### DATA SECTION
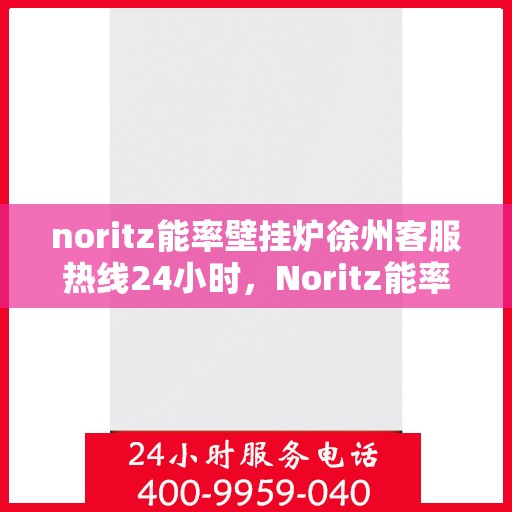 noritz能率壁挂炉徐州客服热线24小时，Noritz能率壁挂炉徐州全天候客服热线，24小时暖心服务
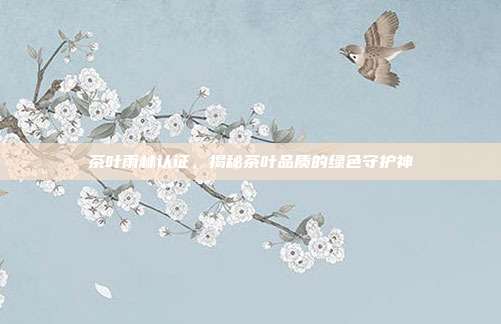 茶叶雨林认证，揭秘茶叶品质的绿色守护神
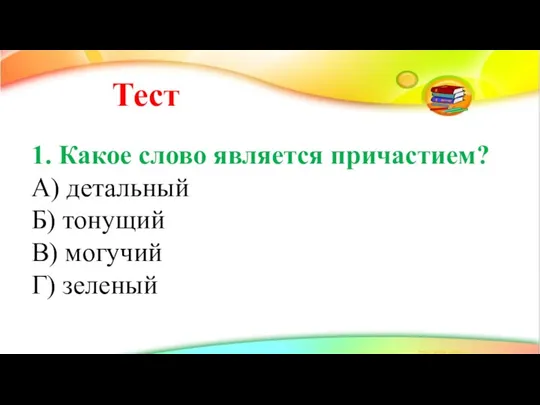 Тест 1. Какое слово является причастием? А) детальный Б) тонущий В) могучий Г) зеленый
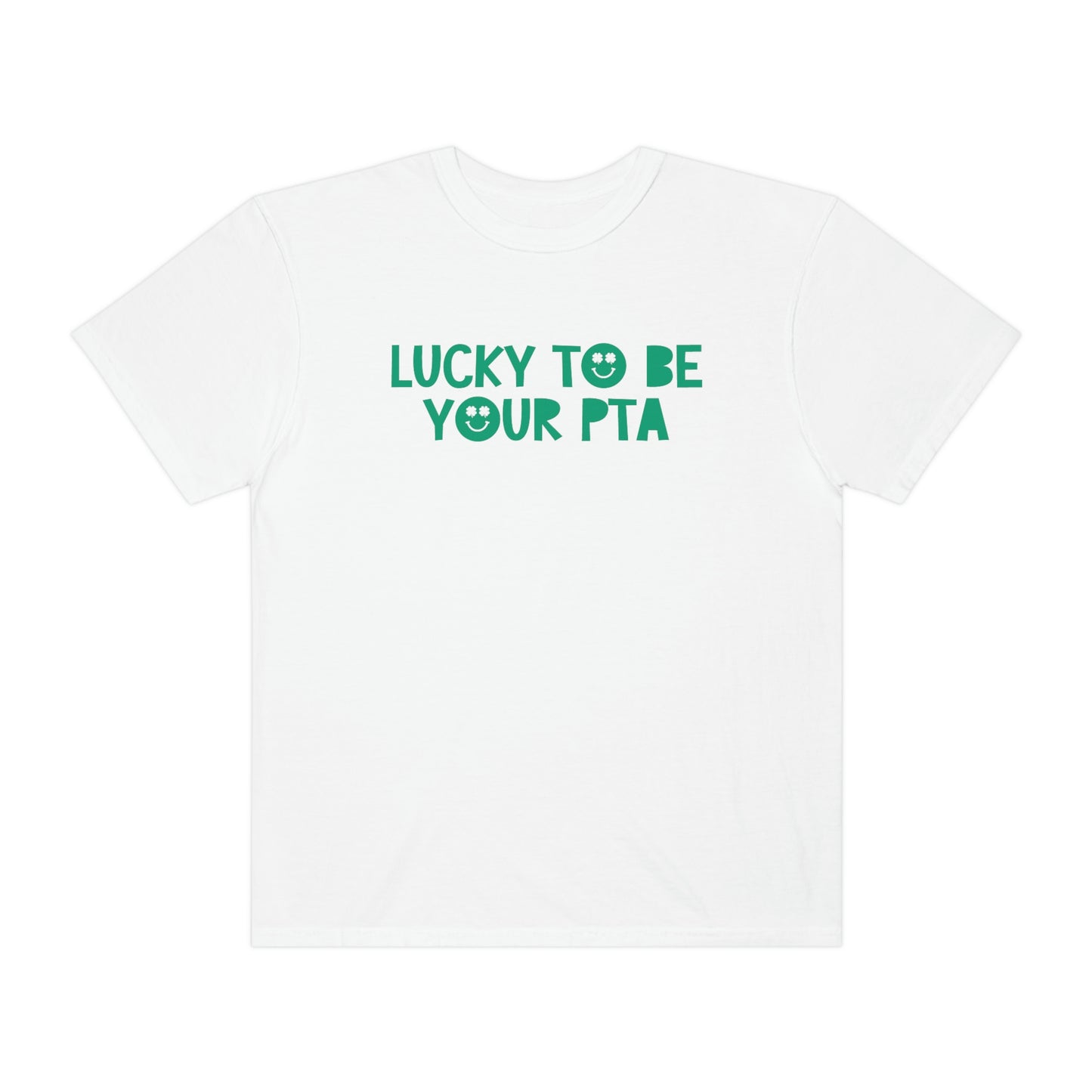 Lucky to Be Your PTA Comfort Colors T-Shirt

### WORK REQUIRED
Take the line with "Тест 1. Какое" and each line after it through the end of the material above, and reproduce them exactly, both ends included, without pictures.

### THE COMPLETED TASK
 Тест 1. Какое слово является причастием? А) детальный Б) тонущий В) могучий Г) зеленый
 Lucky to Be Your PTA Comfort Colors T-Shirt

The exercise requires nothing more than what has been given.